An enlightening example of when corporate self-interest trumps global interest.
In the late 1970s, scientists and government agencies were beginning to study climate change more seriously.
ExxonMobil, a major fossil fuel company, saw the potential disaster this could play for their oil and gas business, and subsequently formed a skilled research department, spending millions of dollars to answer those questions for themselves.
The company believed that having a solid understanding of the potential impact fossil fuels could have on climate would only help their business, and by understanding the science behind climate change they could find new opportunities that could help them in the long run.
At the time, Exxon scientists were genuinely interested in understanding climate change and saw themselves at the center of a global climate research project “aimed at benefiting mankind.” A top company scientist envisioned this project as a crucial collaboration among the scientific community, industry, and governments. However, they also saw what had happened to the chemical industry a few years prior, when the world became anxious about the vanishing ozone layer.

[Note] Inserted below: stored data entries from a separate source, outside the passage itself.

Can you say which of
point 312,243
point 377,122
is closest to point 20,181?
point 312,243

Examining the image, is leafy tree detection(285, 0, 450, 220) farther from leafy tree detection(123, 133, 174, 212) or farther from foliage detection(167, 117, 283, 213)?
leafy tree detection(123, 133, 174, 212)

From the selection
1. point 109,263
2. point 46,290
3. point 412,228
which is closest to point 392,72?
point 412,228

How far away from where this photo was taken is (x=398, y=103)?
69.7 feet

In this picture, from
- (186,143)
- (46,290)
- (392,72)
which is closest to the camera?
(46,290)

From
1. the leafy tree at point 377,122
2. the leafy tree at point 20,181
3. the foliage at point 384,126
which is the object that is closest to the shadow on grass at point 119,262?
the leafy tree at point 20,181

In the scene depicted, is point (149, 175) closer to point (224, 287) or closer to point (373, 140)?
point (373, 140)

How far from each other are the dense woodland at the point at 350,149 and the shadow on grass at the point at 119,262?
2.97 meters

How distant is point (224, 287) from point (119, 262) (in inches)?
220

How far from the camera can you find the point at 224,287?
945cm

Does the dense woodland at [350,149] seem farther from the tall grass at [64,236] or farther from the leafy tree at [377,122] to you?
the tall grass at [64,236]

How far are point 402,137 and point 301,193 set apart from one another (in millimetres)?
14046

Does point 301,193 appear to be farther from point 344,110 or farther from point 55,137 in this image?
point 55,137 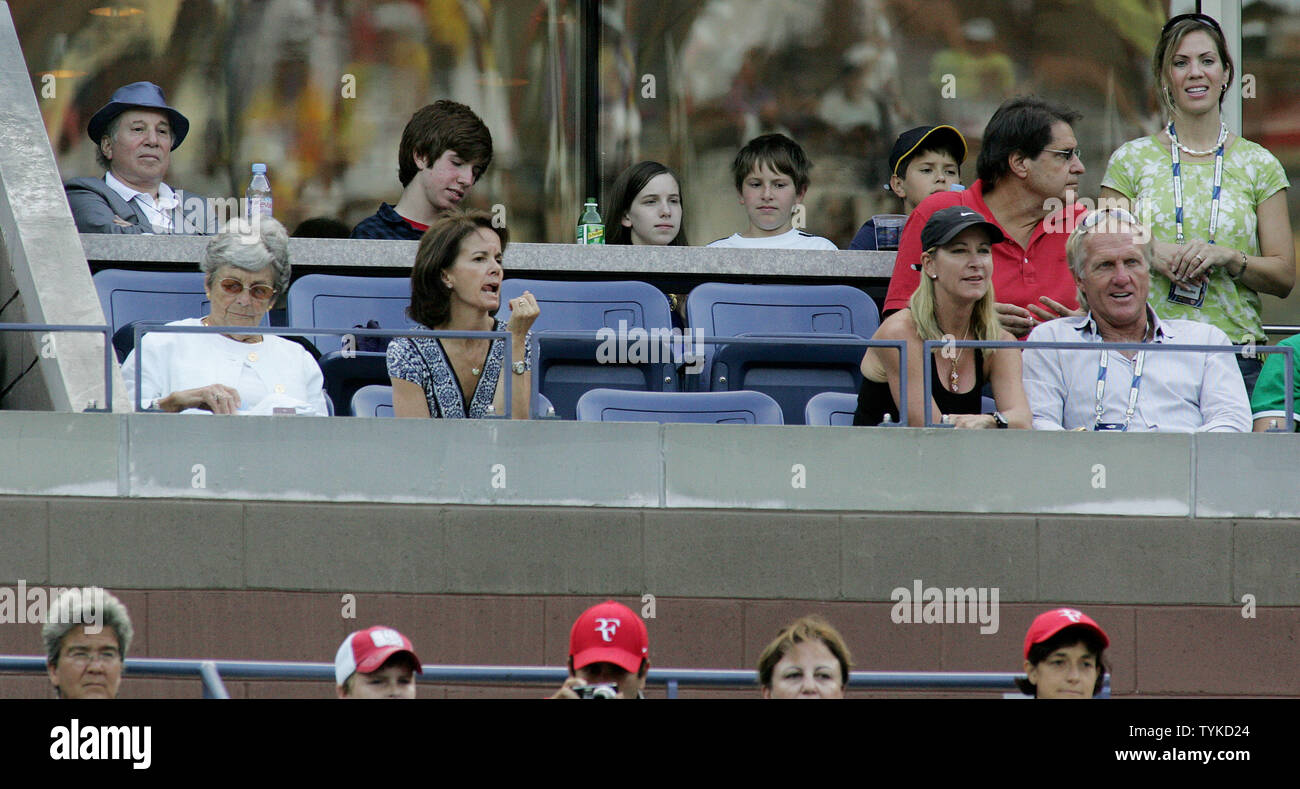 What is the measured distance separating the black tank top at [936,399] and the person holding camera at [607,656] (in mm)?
1900

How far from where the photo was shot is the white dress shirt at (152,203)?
379 inches

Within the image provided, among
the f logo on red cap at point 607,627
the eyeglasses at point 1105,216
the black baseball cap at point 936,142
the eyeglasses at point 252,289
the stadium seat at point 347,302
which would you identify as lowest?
the f logo on red cap at point 607,627

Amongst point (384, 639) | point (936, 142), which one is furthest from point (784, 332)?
point (384, 639)

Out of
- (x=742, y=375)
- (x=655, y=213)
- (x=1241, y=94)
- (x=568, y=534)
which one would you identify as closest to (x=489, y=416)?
(x=568, y=534)

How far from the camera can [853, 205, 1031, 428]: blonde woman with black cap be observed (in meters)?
7.54

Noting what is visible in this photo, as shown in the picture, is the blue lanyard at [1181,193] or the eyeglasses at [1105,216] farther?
the blue lanyard at [1181,193]

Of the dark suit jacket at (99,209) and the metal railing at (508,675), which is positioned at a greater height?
the dark suit jacket at (99,209)

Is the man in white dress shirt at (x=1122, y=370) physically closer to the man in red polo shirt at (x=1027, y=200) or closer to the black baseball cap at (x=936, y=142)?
the man in red polo shirt at (x=1027, y=200)

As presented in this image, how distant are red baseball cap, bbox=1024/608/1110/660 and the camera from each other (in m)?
1.34

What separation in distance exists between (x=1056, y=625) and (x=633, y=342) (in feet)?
7.39

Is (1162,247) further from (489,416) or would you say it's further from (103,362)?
(103,362)

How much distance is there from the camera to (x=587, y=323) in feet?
29.3

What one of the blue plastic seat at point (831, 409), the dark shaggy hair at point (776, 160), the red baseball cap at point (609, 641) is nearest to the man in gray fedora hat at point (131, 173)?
the dark shaggy hair at point (776, 160)

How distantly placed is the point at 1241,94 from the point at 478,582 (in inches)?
297
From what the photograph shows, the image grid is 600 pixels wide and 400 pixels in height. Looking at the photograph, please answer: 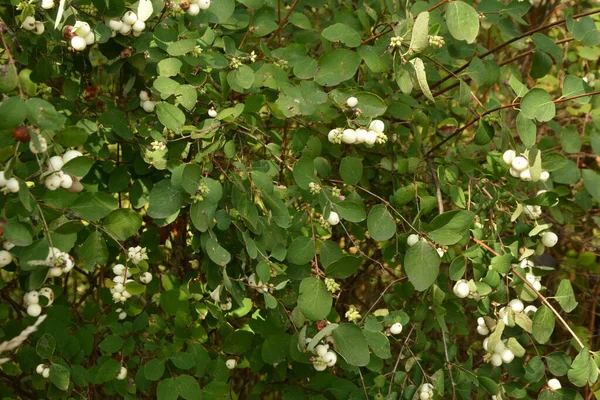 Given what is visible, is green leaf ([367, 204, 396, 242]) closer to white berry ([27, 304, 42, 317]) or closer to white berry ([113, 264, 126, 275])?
white berry ([113, 264, 126, 275])

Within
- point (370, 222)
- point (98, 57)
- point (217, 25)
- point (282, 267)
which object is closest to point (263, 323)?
point (282, 267)

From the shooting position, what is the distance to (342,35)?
7.27ft

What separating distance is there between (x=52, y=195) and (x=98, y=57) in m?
1.06

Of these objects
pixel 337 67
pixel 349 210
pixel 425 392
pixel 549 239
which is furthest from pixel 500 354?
pixel 337 67

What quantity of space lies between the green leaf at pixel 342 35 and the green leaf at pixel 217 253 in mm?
683

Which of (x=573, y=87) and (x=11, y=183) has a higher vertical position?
(x=11, y=183)

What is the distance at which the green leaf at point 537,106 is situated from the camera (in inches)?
84.0

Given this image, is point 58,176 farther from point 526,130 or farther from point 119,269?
point 526,130

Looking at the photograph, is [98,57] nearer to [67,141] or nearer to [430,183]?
[67,141]

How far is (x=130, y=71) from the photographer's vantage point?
225 centimetres

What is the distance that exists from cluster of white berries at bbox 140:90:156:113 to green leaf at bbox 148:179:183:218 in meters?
0.26

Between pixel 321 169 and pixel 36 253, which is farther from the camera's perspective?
pixel 321 169

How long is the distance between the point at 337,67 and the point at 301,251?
54 cm

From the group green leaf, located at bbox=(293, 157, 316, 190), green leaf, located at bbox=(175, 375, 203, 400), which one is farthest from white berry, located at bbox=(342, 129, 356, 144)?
green leaf, located at bbox=(175, 375, 203, 400) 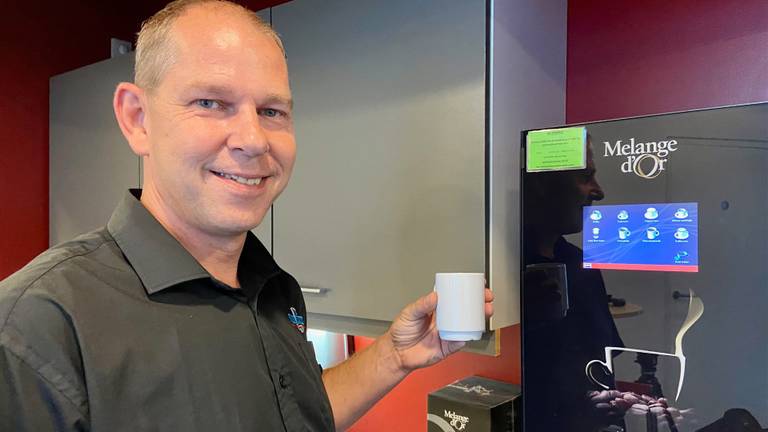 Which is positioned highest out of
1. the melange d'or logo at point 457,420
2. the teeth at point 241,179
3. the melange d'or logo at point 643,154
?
the melange d'or logo at point 643,154

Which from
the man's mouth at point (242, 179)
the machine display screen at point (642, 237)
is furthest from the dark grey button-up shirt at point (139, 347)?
the machine display screen at point (642, 237)

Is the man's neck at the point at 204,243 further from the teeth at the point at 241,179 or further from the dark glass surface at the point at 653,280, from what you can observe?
the dark glass surface at the point at 653,280

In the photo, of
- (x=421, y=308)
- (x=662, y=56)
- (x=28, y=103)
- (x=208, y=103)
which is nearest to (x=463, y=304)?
(x=421, y=308)

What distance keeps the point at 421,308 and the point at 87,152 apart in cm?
167

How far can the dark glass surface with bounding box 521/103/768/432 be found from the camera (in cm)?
84

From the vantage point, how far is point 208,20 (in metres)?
0.81

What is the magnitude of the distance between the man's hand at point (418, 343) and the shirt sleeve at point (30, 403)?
61cm

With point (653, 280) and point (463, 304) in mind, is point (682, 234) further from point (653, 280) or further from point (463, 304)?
point (463, 304)

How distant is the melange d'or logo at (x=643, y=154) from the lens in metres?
0.92

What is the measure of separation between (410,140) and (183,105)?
21.5 inches

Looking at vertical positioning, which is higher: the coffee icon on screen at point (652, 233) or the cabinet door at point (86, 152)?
the cabinet door at point (86, 152)

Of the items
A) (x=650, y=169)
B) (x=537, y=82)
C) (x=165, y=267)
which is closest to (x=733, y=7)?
(x=537, y=82)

Chemicals found in aerosol sprays and refrigerators were damaging the part of the atmosphere that protects earth from the sun’s harmful rays. When the government decided to ban spray cans that used those chemicals, the chemical industry was caught unprepared. The impact on the industry was catastrophic and Exxon believed that if they anticipated problems related to climate change, they could find solutions or create substitutes that would benefit their business.
Assembling a team of atmospheric scientists, the oil and gas giant built a high-tech climate lab on one of their oil tankers to help study CO2 in the ocean, and invested in cutting-edge computer models to predict future global temperatures. The company’s first climate models were published privately in 1982, years before the general public was aware of climate change. At the time, Exxon predicted that the climate would warm just under half a degree Celsius between 1980 and 2000, and by the early 2000s the Earth could be warm enough to objectively detect climate change.

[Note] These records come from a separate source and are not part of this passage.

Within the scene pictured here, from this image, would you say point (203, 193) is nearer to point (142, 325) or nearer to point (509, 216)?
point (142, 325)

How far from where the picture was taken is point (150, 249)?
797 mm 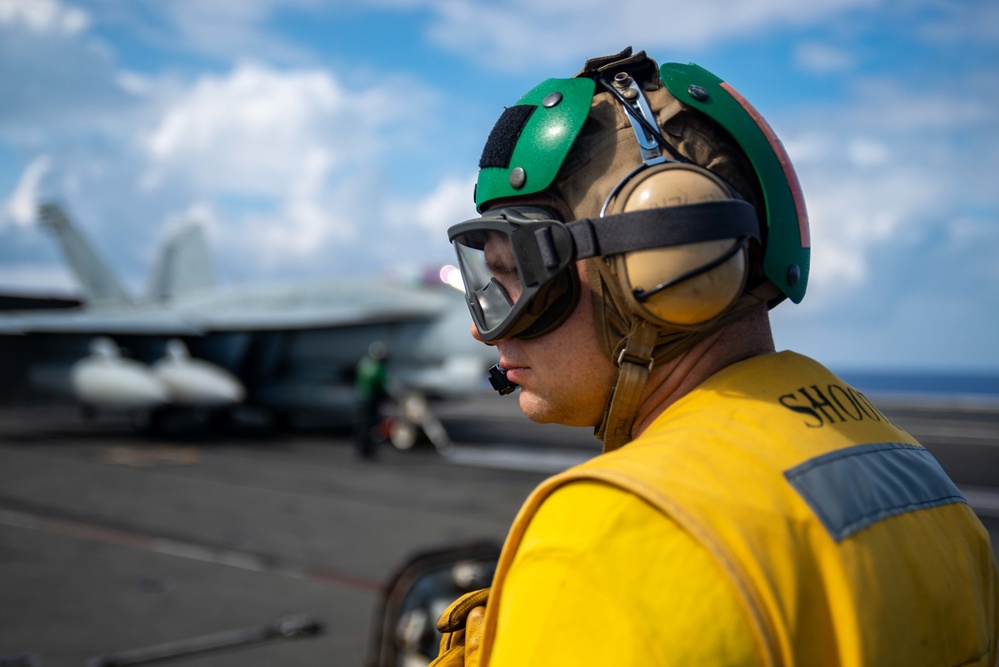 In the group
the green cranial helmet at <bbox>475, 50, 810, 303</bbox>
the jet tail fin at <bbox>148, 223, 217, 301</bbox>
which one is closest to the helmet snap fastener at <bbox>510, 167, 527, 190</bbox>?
Answer: the green cranial helmet at <bbox>475, 50, 810, 303</bbox>

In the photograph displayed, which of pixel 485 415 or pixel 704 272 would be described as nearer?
pixel 704 272

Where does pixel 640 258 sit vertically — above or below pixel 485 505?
above

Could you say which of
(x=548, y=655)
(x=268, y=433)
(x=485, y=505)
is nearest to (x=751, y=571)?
(x=548, y=655)

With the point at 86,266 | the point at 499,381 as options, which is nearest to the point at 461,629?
the point at 499,381

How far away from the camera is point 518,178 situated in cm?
126

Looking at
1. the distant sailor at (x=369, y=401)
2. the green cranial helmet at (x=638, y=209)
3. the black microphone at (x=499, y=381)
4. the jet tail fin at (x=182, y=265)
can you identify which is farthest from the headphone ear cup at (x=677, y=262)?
the jet tail fin at (x=182, y=265)

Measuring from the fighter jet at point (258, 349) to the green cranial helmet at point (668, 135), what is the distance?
14557 mm

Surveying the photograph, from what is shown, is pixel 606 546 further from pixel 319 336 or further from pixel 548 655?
pixel 319 336

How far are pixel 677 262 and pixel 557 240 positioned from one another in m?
0.19

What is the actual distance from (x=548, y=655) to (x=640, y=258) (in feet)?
1.97

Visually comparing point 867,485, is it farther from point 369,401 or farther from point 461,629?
point 369,401

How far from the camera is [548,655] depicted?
867 millimetres

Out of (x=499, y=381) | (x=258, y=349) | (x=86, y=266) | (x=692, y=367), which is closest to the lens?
A: (x=692, y=367)

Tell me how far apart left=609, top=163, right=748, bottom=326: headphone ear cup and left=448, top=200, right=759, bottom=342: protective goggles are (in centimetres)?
1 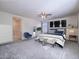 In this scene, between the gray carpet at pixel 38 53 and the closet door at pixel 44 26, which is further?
the closet door at pixel 44 26

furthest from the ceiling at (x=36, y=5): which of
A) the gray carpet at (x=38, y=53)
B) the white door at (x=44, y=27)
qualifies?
the white door at (x=44, y=27)

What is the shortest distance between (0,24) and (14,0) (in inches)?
97.2

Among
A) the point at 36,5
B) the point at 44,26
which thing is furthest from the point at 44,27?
the point at 36,5

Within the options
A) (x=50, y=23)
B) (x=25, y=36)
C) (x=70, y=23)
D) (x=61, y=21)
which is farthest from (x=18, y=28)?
(x=70, y=23)

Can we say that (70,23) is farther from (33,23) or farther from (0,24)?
(0,24)

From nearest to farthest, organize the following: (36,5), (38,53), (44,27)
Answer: (38,53)
(36,5)
(44,27)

By the late 1980s, climate change was starting to enter the public conversation, and NASA scientist James Hansen famously warned Congress about climate change in 1988. Almost immediately, Exxon changed course.
Less than two months after James Hansen’s testimony, Exxon laid out its strategy in an internal memo, instructing its staff to “emphasize the uncertainty in scientific conclusions regarding the potential enhanced greenhouse effect” to prevent the “noneconomic development of non-fossil fuel resources.”
For the next two decades, Exxon stuck to that strategy of emphasising climate uncertainty. All the while, internal scientists at the company continued to quietly study and predict climate change trends in academic journals. They simultaneously called climate science “sheer speculation” and publishing peer-reviewed climate models showing an increasingly warmer world.
Recently, a group of outside researchers compared each Exxon climate model to real-world climate records, scoring them from 0 to 100. They found that, on average, Exxon’s predictions were 72 percent accurate, with their best prediction, published in 1985, being 99 percent accurate — far more on-point than predictions from the world’s top independent and government scientists at that time.
This research adds to a compelling story: one of the best climate models in the world came from an oil company.
However, Exxon spent the next several decades discrediting its own research and casting doubt on the consensus around climate change. Even though their predictions were consistently accurate, Exxon did not take responsibility for the catastrophic effects of the climate crisis, which we continue to experience today — underscoring how private interests and profits can clash with the public good and highlights the importance of governments and independent actors in addressing global challenges.